Following the feedback from the Parity developers team our solution is not tightly coupled with Substrate node as it adds too much complexity in the node. It should be implemented in a way that makes this optional and loosely coupled with the node.

Ecosystem Fit

The goal is to present a solution that would update the current recommended setup of one active node per validator and allow to use multiple nodes.

Team 👥

Team members

  • Katarzyna Łukasiewicz
  • Kasper Ziemianek
  • Michał Graliński

Contact

  • Registered Address: ul. Jana Matejki 12, 80-232 Gdańsk, Poland
  • Registered Legal Entity: Bright Inventions Sp. z o. o.

Team's experience

Bright Inventions is a team of over 70 full-time onsite developers, project managers & UX/UI designers - experts in mobile and web applications, systems integration, IOT devices and Blockchain platforms.

We believe that building a software product is about people working together in a collective way. By offering complex support – mobile and web development as well as IT consultancy we try to eliminate roadblocks towards engaging clients as partners at every step of the process.

We support startups, digital agencies as well as medium to big businesses. We cooperate with startups, accelerators and incubators. Whatever the client profile is, we always aim to establish a satisfying partnership for both sides. Since 2012 we have built software for more than 40 businesses worldwide.

The team:

  • Michał - Rust Developer, for over 12 years he has been working as a C++ developer. In his career he participate in various projects, starting from the embedded devices, automotive, mobile games and ending on the financial systems. Right now he is focused on the blockchain technology.
  • Kasper - Software developer with 10 years of experience. Former Java Developer who has recently switched to Rust. Around blockchain ecosystem since 2017.
  • Kasia - she has been working with agile methods for over 10 years, both as a researcher and a practitioner. She believes in teamwork and a power of user centered mindset. With experience in leading international projects, she knows how to support and encourage timely and high quality deliveries.

Previous grants that the team members were involved in:

  • BrightTreasury
  • ZK-Snarks tutorial in Substrate

Team Code Repos

Please also provide the GitHub accounts of all team members.
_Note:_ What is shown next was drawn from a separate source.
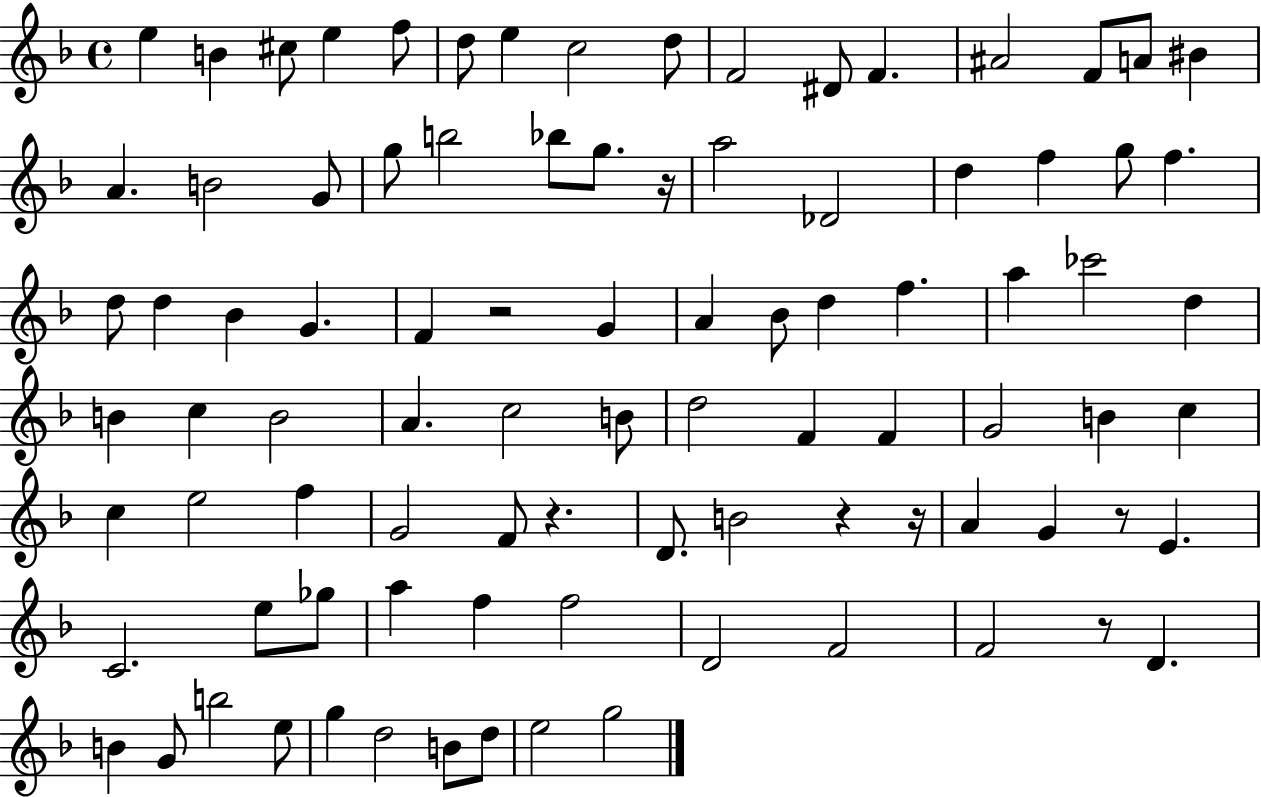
E5/q B4/q C#5/e E5/q F5/e D5/e E5/q C5/h D5/e F4/h D#4/e F4/q. A#4/h F4/e A4/e BIS4/q A4/q. B4/h G4/e G5/e B5/h Bb5/e G5/e. R/s A5/h Db4/h D5/q F5/q G5/e F5/q. D5/e D5/q Bb4/q G4/q. F4/q R/h G4/q A4/q Bb4/e D5/q F5/q. A5/q CES6/h D5/q B4/q C5/q B4/h A4/q. C5/h B4/e D5/h F4/q F4/q G4/h B4/q C5/q C5/q E5/h F5/q G4/h F4/e R/q. D4/e. B4/h R/q R/s A4/q G4/q R/e E4/q. C4/h. E5/e Gb5/e A5/q F5/q F5/h D4/h F4/h F4/h R/e D4/q. B4/q G4/e B5/h E5/e G5/q D5/h B4/e D5/e E5/h G5/h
If they contain no activity, references to projects hosted elsewhere or live are also fine.

Team LinkedIn Profiles (if available)

Development Status 📖

This grant proposal is a follow-up to a discussion that began in autumn 2022. Since then we managed to receive some required feedback from Parity development team and we continued to apply their suggestions in the span of these few months. It allowed us to already develop most of the original scope.

Development Roadmap 🔩

Overview

The development of the specified goal will be broken into 3 milestones, lasting 4 weeks (M1), 3 weeks (M2) and 2 weeks (M3).

Definition of Done for each deliverable:

  • Unit tests passed
  • Code has been reviewed by peer
  • Acceptance criteria were met
  • Internal QA has been performed
  • Documentation has been written

At the end of each milestone:

  • The deliverables listed for the given milestone have been implemented and the DoD criteria were met, allowing the user to perform the defined actions
  • The functioning code has been pushed to the public repository, indicated in the proposal

Deliverables 🔩

  • Total Estimated Duration: 9 weeks
  • Full-time equivalent (FTE): 1
  • Total Costs: 25,000 DAI

Milestone 1 - Block authoring, finalization & liveness PoC

The goal of the first milestone will be adding a switch to the substrate codebase, which will conditionally allow block production, voting or sending I'm online message. We will achieve this by introducing a PermissionResolver trait. Only for the purpose of this milestone there are going to be two trivial implantations of this trait. First configuration will grant the validator permissions and the second one will not. At this stage we only want to verify if hardcoded conditional logic works well with the nodes with the same auth key but different configurations (permission granted/denied). For the testing purpose we will provide an additional option to the CLI, to run a validator with one of the pointed configurations.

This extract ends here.